Before a crowd of about 200 supporters, radio talk-show host and two-time presidential candidate Alan Keyes claimed that an erosion of America’s moral foundation was leading the nation toward a crisis, one that could soon determine the fate of both the U.S. Constitution and Americans’ basic freedoms. To avoid such a future, Keyes said Dewey Crepeau, a Columbia native, should be the one to replace Jay Nixon as the state’s attorney general.
Crepeau worked on Keyes’ 1996 bid for the presidency. Now Keyes is supporting Crepeau. Their similar views were one reason Crepeau gave for his choice of Keyes for his keynote speech; both referred to each other as men of honesty and integrity.
Keyes said he had, over the course of his career, spent a considerable amount of time figuring out what it is that makes freedom in America work. Freedom, he said, depends on a solid moral foundation.
Keyes went on to describe several issues he said evidenced a wearing away of that foundation. First, he criticized the Patriot Act as an invasion of civil liberties and warned it would be in the context of the war on terror that an agent of tyranny would be brought to power.

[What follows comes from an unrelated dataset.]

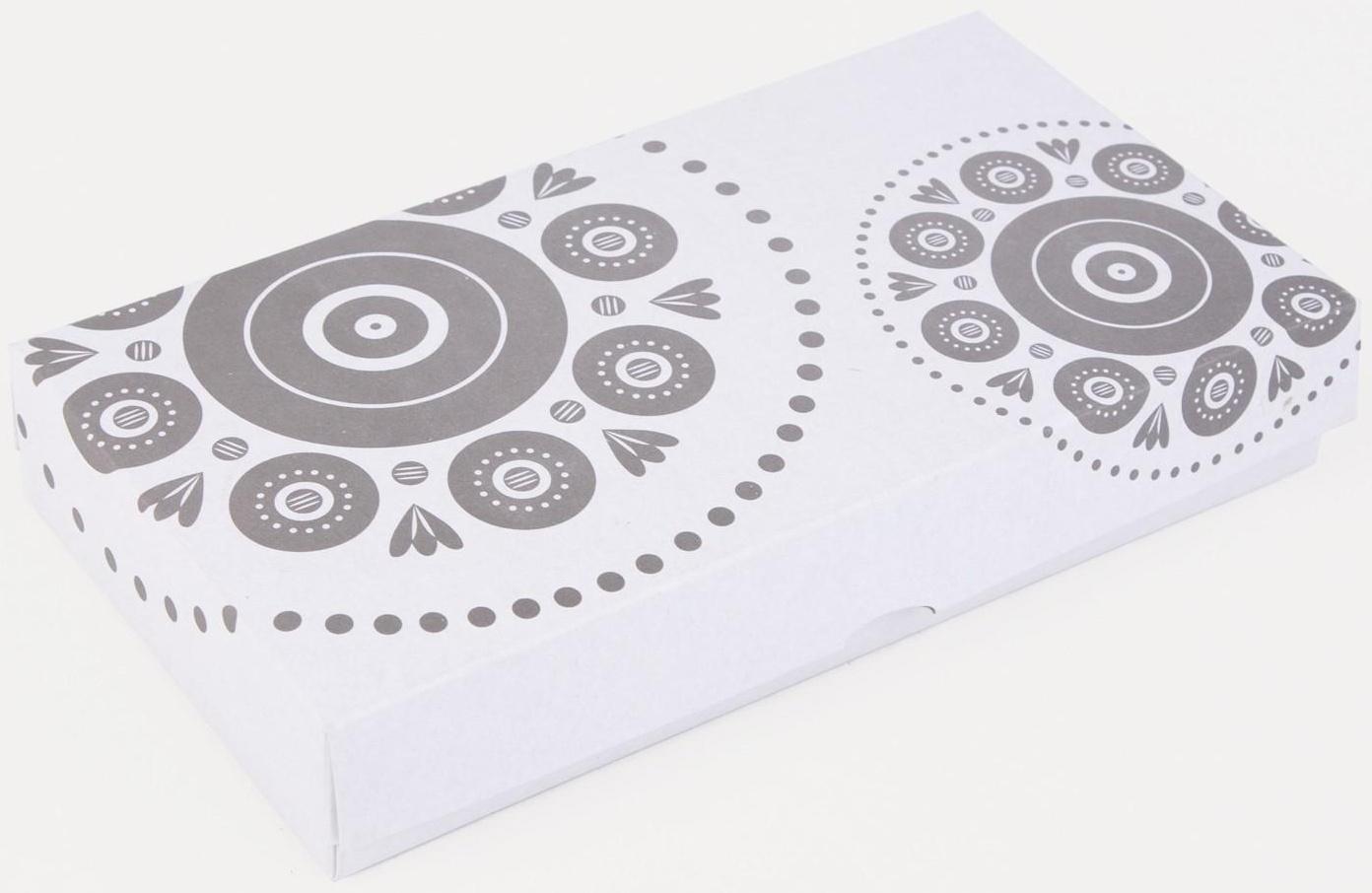 Кошелёк на кнопке, цвет бордовый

He said that while he thought President Bush and Attorney General John Ashcroft have administered the provisions of the Patriot Act responsibly, he could not imagine what might happen if someone more liberal were given the authority outlined in the act.
Carrying on the discussion of the war on terror, Keyes said that what separates the United States and those who attacked it on Sept. 11, 2001, is the “cold-hearted disregard for human life” they showed in deliberately selecting civilian targets.
“That’s what makes them terrorists,” he said.
Expanding upon that argument, Keyes moved into a discussion of issues with which he is most frequently associated, abortion and homosexuality. Applying the definition of a terrorist to those who have had abortions, Keyes said that by recklessly disregarding the lives of unborn fetuses, people risk “calling down upon us the unfavor of the Almighty God.”
The selection of Keyes to speak at the fund-raiser is an indicator of the cross section of the constituency Crepeau hopes to court. Regarding the recent decision by the Missouri State Supreme Court to place the proposed gay-marriage amendment on the August ballot, Crepeau said he disagreed, saying he would have ruled more in line with Justice Stephen Limbaugh’s dissenting opinion.